## What this task involves
What is needed is a word-for-word copy of the listing below, without pictures.

## Source material
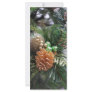 pine cone custom rack card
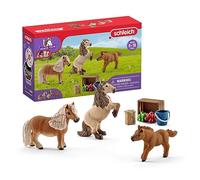 SCHLEICH - Famille de mini-shetlands - 41432 - Gamme Horse Club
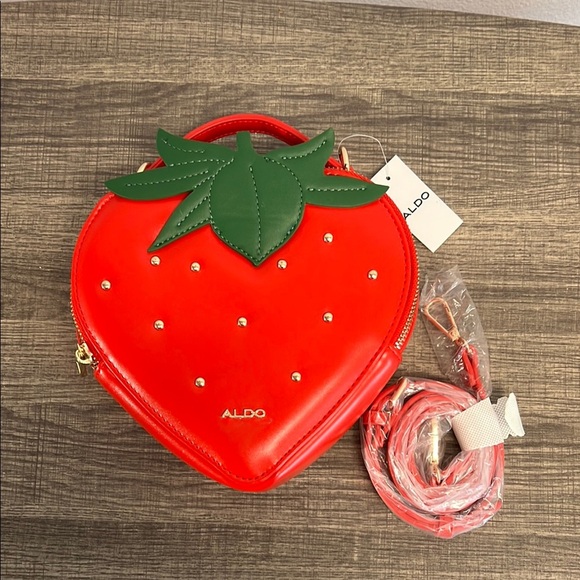 ALDO | Strawberry Mini Bag w/ Crossbody Strap - Picture 6 of 11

## The answer
 pine cone custom rack card
 SCHLEICH - Famille de mini-shetlands - 41432 - Gamme Horse Club
 ALDO | Strawberry Mini Bag w/ Crossbody Strap - Picture 6 of 11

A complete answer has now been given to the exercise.